Continuing my autobiography of why I became an anesthesiologist, I will now recount My Lost Years as a surgery resident. This is a long sad story of lost opportunity and spirit crushing rejection. So let's get started, shall we?
Let me just say right off the bat that surgery residency was probably the hardest thing I have ever experienced. Internship is just a blur of calls, rounds, scutwork, more rounds, more scutwork, and getting pimped and yelled at a lot. Few things in life compare to the dejection of getting up at 5:00 AM to pre-round on your 10-20 patients then round on them again with the team in time for the senior residents to make it to the OR. After rounds, I was usually left with about 50-75 items I needed to get done on my scut list before afternoon rounds around 5:00. After that there was usually another list of things that had to get finished before going home. If something didn't get done, the usual question was "Why not?", not "How can we help you?" It was not excusable to say the Radiology File Room couldn't find that one CT scan that was vitally crucial for this patient's surgery the next day. Or why the lab results haven't come back. Or why lines haven't yet been put into a patient, despite the fact that I've been running around like a rabied dog trying to get as much of the scut completed before tackling a time consuming line placement.
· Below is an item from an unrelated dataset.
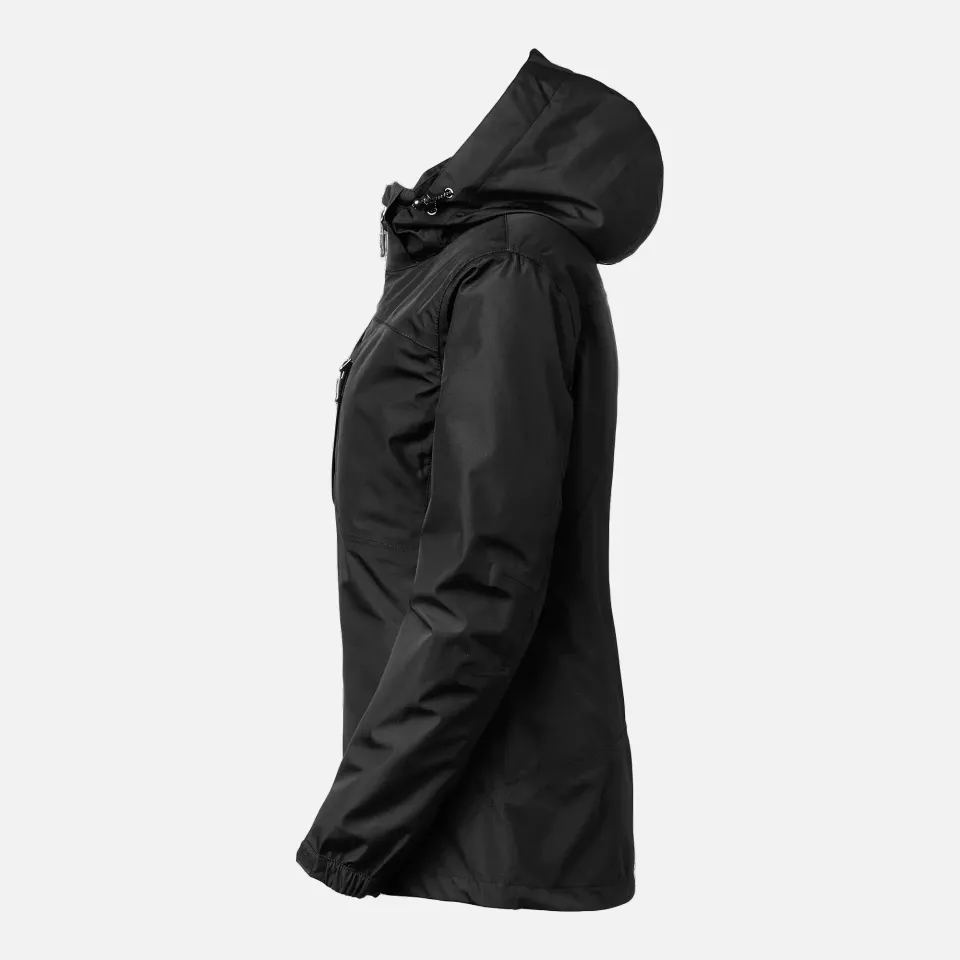 South West 1000357001, Alma Shell Jacket, Black, image 4, gallery thumbnail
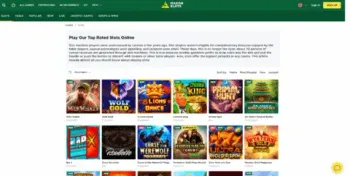 Mason Slots Casino Online Slots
This certainly wasn't as much fun as I remembered as a student. Of course as a student I was shielded from all this tediousness. We got to go to the OR after rounds to watch the cases. When we were done in the afternoon all the work had been magically completed by the interns. I never paid enough attention to the dark side of surgery training. The few times I actually got to do cases were not that much fun either. Every surgery intern remembers their first case. Mine was a butt pus. I remember being on call and getting summoned to the OR at 2:00 AM to perform an I+D of a perianal abscess. The case took all of five minutes, but the stench will last me a lifetime. When the senior resident asked how I liked my first surgery, I had to force an eager smile and enthusiastically announce, "Great case!" then trudge back to the call room to try and get a few more minutes of sleep before getting up again to preround on my patients. Not a great start.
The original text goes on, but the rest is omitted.